In a deeply unpleasant piece of reasoning, it frames these policy suggestions as if they are motivated by concern for the child. A passage suggesting children should be deported quickly is worth reprinting for the sheer level of cognitive dissonance on display.

"The longer a family remains in the UK, the deeper their roots go and the more attached children become to their surroundings and their friends… Indeed, children in families where casework has not been progressed in a timely way have often come to think of the UK as their home having lived a large proportion of their lives in this country. Some children within the family returns process have been born in this country and are therefore unfamiliar with the country to which they are returning. Priority should be given to such cases as children are generally more adaptable to major change the younger they are."
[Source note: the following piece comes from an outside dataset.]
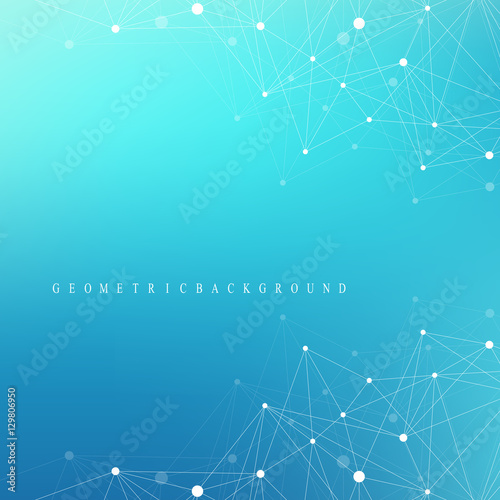 Geometric graphic background molecule and communication. Big data complex with compounds. Perspective backdrop. Minimal array Big data. Digital data visualization. Scientific vector illustration.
Worryingly, the Home Office response to the recommendation on violence is to say that it is under review. "Any changes will be the subject of public consultation", it adds.

Update 11:08:

Sarah Campbell, research and policy manager at Bail for Immigration Detainees, commented:

"We find it extraordinary that the panel is recommending that more children should be detained given the overwhelming evidence of the harm suffered by detained children.

"We are appalled that the panel is encouraging the Home Office to use physical force against children to facilitate their removal from the UK. It is worrying that the panel previously failed to pick up on clear concerns about the use of force against children. It is still more troubling that the panel is now recommending that the Home Office recommence using force against children."

Update 15:47: Liberal Democrat sources in the Home Office have told me they're "surprised" to see the recommendations from the panel.